TRIBUNNEWS.COM - Pasca-penangkapan Aung San Suu Kyi pada Senin (1/2/2021), gelombang protes terhadap kudeta militer mulai terjadi.
Dalam aksi yang terjadi Selasa (2/2/2021) malam, pengunjuk rasa memukul-mukul panci untuk menimbulkan suara gaduh.
Tak hanya itu, beberapa juga membunyikan klakson, sebagaimana dilaporkan Reuters.
Hal ini menyebabkan kegaduhan di Yangon.
Partai pemenang Nobel Perdamaian yang ditahan itu menyerukan pembebasannya oleh junta yang merebut kekuasaan pada Senin (1/2/2021).
Baca juga: POPULER INTERNASIONAL: Wanita Senam saat Kudeta di Myanmar | Negara yang Terlilit Utang dari China
Baca juga: VIRAL Video Wanita sedang Asyik Senam Aerobik, Tak Sadar Ada Kudeta Militer Myanmar di Belakangnya
Mereka juga menuntut pengakuan atas kemenangannya dalam pemilihan 8 November.
Pihak militer menahan Suu Kyi di lokasi yang awalnya dirahasiakan.
Namun seorang pejabat senior dari Liga Nasional untuk Demokrasi (NLD), mengatakan pemimpinnya diketahui berada di bawah tahanan rumah di ibu kota Naypyidaw.
Langkah itu merupakan bagian terakhir dari perebutan kekuasaan militer di negara yang dirusak selama beberapa dekade oleh pemerintahan militer.

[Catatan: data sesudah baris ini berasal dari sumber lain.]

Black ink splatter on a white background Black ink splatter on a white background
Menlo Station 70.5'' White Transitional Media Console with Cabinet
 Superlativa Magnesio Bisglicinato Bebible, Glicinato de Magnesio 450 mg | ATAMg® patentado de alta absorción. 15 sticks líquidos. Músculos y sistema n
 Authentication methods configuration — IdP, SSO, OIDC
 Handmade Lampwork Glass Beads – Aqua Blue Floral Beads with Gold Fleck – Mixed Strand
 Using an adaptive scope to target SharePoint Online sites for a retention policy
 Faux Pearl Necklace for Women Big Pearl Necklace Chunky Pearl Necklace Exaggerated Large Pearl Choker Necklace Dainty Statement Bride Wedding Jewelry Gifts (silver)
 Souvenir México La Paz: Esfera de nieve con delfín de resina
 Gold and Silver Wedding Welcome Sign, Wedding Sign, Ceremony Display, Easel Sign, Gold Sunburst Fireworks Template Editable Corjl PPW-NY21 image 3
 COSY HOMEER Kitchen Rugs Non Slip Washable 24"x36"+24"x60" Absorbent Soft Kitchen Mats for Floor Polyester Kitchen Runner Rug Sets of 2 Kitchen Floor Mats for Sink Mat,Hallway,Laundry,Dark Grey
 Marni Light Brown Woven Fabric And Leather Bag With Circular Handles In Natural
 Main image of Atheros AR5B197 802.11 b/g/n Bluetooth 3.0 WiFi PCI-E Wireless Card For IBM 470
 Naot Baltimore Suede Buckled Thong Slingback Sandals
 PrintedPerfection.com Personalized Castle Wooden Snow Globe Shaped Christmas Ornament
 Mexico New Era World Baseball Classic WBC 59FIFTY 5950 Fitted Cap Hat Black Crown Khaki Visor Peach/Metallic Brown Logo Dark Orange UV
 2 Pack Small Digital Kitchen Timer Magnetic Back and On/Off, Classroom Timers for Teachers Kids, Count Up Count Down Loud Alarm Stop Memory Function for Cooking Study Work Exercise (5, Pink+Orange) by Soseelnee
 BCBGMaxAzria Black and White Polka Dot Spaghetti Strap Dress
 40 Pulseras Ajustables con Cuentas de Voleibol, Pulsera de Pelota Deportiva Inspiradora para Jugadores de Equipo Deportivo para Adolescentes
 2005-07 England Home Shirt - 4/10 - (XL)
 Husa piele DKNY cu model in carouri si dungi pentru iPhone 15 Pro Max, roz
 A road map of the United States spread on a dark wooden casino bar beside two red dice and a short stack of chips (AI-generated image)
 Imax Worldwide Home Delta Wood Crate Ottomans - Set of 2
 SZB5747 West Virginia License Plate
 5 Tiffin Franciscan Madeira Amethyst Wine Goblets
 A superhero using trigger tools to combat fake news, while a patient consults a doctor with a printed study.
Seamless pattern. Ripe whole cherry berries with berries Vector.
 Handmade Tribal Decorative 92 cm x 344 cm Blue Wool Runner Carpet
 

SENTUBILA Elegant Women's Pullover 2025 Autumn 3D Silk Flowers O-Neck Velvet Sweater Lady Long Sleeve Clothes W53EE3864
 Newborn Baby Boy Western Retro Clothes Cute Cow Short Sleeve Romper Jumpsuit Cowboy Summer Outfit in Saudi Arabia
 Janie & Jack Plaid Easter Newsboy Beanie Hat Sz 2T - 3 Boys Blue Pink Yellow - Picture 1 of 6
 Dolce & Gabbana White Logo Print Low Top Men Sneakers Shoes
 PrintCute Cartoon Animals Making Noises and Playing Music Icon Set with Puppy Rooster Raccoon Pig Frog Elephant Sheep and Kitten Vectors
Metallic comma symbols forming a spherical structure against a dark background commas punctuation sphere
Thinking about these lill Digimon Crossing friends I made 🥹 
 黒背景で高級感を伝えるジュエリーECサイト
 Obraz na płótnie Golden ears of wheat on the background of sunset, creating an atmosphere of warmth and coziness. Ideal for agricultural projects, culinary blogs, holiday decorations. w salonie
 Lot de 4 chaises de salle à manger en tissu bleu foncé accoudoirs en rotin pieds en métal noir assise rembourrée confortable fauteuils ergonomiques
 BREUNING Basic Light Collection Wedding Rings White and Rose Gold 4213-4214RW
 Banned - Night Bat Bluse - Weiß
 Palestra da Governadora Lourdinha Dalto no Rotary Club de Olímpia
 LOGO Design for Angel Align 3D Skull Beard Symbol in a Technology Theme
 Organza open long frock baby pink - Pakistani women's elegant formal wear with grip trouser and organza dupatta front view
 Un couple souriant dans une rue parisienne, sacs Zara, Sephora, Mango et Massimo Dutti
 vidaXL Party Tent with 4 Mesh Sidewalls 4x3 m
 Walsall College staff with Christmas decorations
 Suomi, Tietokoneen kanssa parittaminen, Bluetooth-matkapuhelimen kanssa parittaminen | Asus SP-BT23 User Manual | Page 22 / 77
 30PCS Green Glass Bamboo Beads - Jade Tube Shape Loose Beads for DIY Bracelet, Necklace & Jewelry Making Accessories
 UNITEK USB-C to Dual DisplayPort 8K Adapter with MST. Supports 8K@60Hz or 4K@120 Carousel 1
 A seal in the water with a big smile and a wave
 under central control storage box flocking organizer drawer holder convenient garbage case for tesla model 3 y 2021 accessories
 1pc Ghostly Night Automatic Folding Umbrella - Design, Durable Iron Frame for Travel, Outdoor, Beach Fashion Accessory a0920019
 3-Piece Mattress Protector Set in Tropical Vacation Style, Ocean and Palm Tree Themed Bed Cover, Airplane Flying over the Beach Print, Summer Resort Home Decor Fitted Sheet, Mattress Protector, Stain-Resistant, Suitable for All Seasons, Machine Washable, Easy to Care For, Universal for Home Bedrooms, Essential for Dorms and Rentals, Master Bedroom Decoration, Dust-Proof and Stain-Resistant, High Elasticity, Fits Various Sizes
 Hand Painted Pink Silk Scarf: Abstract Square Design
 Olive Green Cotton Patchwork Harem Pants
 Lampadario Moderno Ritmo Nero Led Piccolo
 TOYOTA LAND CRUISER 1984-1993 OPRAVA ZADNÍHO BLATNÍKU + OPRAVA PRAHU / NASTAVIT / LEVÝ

Militer telah menolak untuk menerima kemenangan telak pemilihan NLD, dengan alasan tuduhan penipuan yang tidak berdasar.
Tentara menahan para pemimpin NLD, menyerahkan kekuasaan kepada komandannya, Jenderal Min Aung Hlaing.
Mereka juga memberlakukan keadaan darurat selama setahun.
Utusan Myanmar dari Perserikatan Bangsa-Bangsa (PBB), Christine Schraner Burgener, mendesak Dewan Keamanan "secara kolektif mengirimkan sinyal yang jelas untuk mendukung demokrasi di Myanmar".
Dewan sedang merundingkan kemungkinan pernyataan yang akan mengutuk kudeta tersebut, menyerukan militer untuk menghormati aturan hukum dan hak asasi manusia, dan segera membebaskan mereka yang ditahan secara tidak sah, kata para diplomat.